Christian Alliance University
- Type: Private
- Affiliations: Christian and Missionary Alliance
- Rector: Joseph Ngoma Nzita
- Faculty: 10
- Students: 60
- Location: Boma, Congo, Bas-Congo, Democratic Republic of the Congo
- Campus: Suburban;
- Campus size: 88 acres (360,000 m^{2})

= Christian Alliance University =

Christian village in the Congo

The Christian Alliance University (Université de l'Alliance Chrétienne) is an Evangelical Christian University located in Boma, Congo. It is affiliated with the Christian and Missionary Alliance.

==History==
With the help of the Christianity and Missionary Alliance in the USA and Canada, the Evangelical Community of the Alliance in Congo launched the Boma Seminary in September 1976.
Three students were part of the first class: Esaron Lelo Mavinga, Dynobert Nlandu Nguala and Justin-Abraham Kumbu-ki-Makaya.

Under the leadership of Dr. Nathalis Songo Vangu, its first African Rector, the seminary underwent a significant growth sprout. As an example, in June 1991, 11 men and women graduated from FACTEB.
Unfortunately, this growth would come to a virtual halt with the turmoil in the Congo during the nineties. In 1992, the seminary changed its status from a seminary to graduate school, offering both undergraduate and graduate degrees. This explains the change in the name of the institution, from Institut Supérieur de Théologie Évangélique de Boma (ISTEB) to Faculté de Théologie Évangélique de Boma (FACTEB).

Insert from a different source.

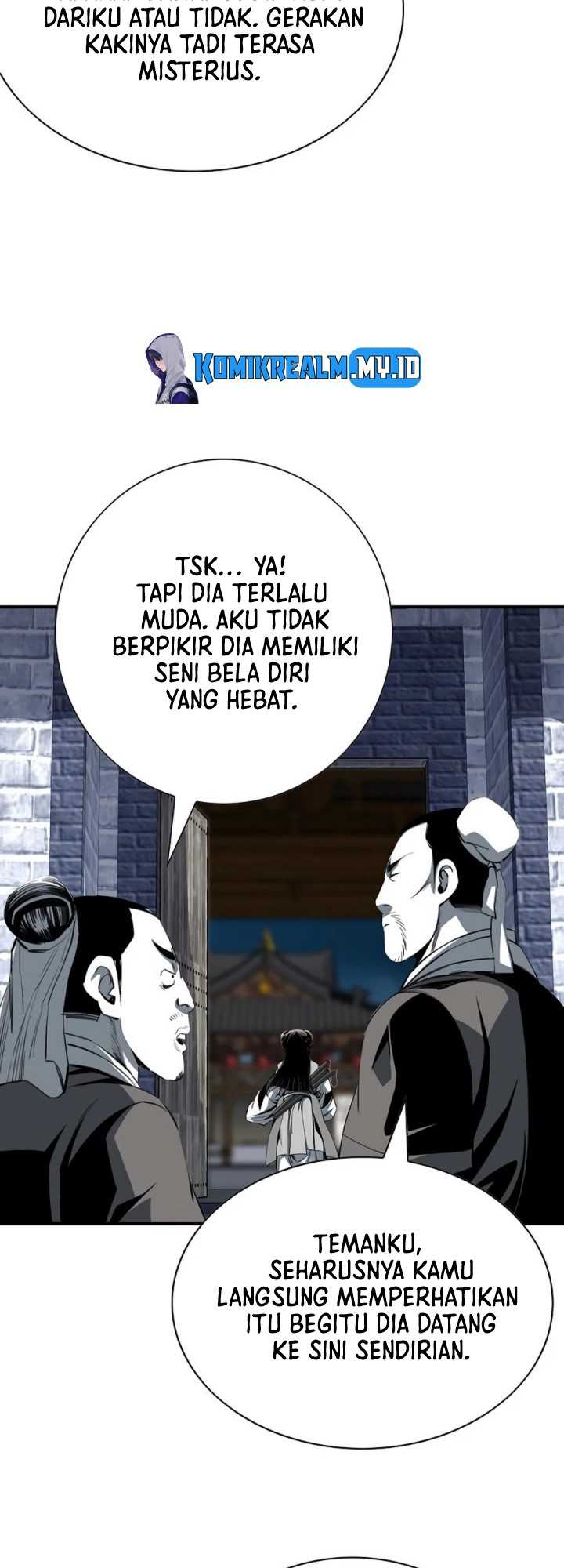 Way To Heaven Chapter 78 Bahasa Indonesia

In 2012, it was renamed Université de l'Alliance au Congo (UAC) with the addition of two new faculties, Management, Information & Communication and Computer Sciences.

In 2015, it was renamed Université de l'Alliance Chrétienne with the addition of two new faculties, Law & Criminal Science and Economics.

==Academics==
FACTEB offers undergraduate degree programs and master's degrees through on-campus study.